As seen in figure 1, there are a growing number of sensor-based systems using a variety of sensing technologies. Some of these systems do not transfer large amounts of data; they are sensor detect and alert type transfers of minimal data.
However, other systems are capturing large amounts of data in order to handle the transfers efficiently. For example, a camera assist system used for lane detection or traffic sign recognition creates a dense data stream that needs to be transmitted from the camera to a processor for analysis and to a display for viewing.
In systems like these, the MIPI Camera Serial Interface (CSI) provides a protocol framework to pass data from the camera to the processor. The actual transmission is accomplished by using another MIPI specification, MIPI D-PHY, which is a physical layer transceiver specification. Using MIPI D-PHY means that the interface will operate at the lowest power and deploy at a minimal cost. MIPI Alliance develops specifications with flexible architectural definitions, recognizing that targeted implementations are necessary to realize an optimal combination of physical pins and transfer rates.

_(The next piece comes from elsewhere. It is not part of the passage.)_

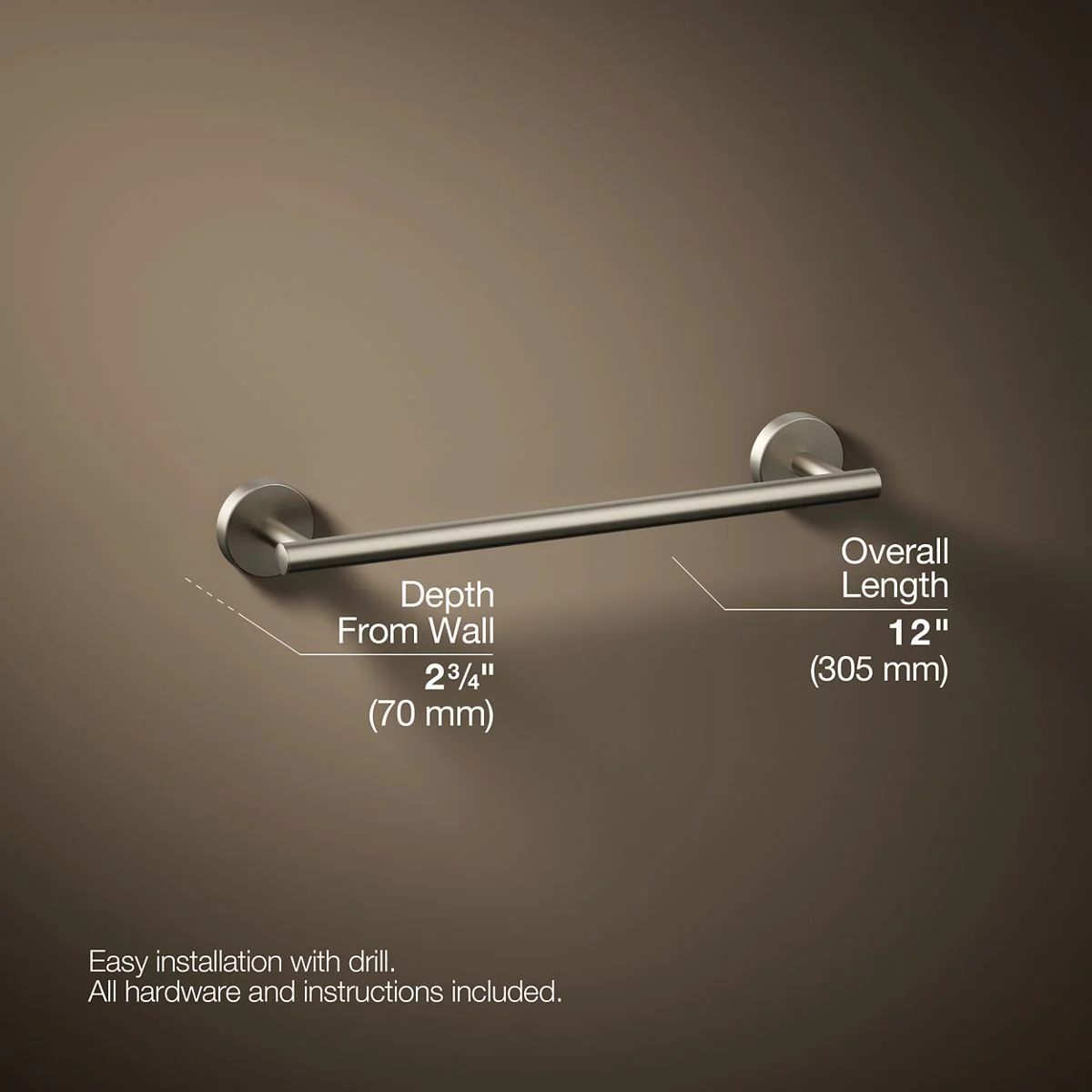 KOHLER K-27288 Elate 12" towel bar - Image 19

Figure 2 is one example of a targeted implementation; a simplified diagram of the camera-to-processor connection. The camera sub-assembly has the camera sensor and supporting circuitry for image capture and for organizing the image data for transmission using a D-PHY Tx macro.
The camera image is serialized and sent across to an Image Signal Processing sub-assembly containing the supporting circuitry for receiving the data – a D-PHY Rx macro. The physical connection between the Tx and Rx side is made using a MIPI interface. NXP designed such a system using the MIPI CSI-2 specification and a D-PHY hard macro provided by Mixel.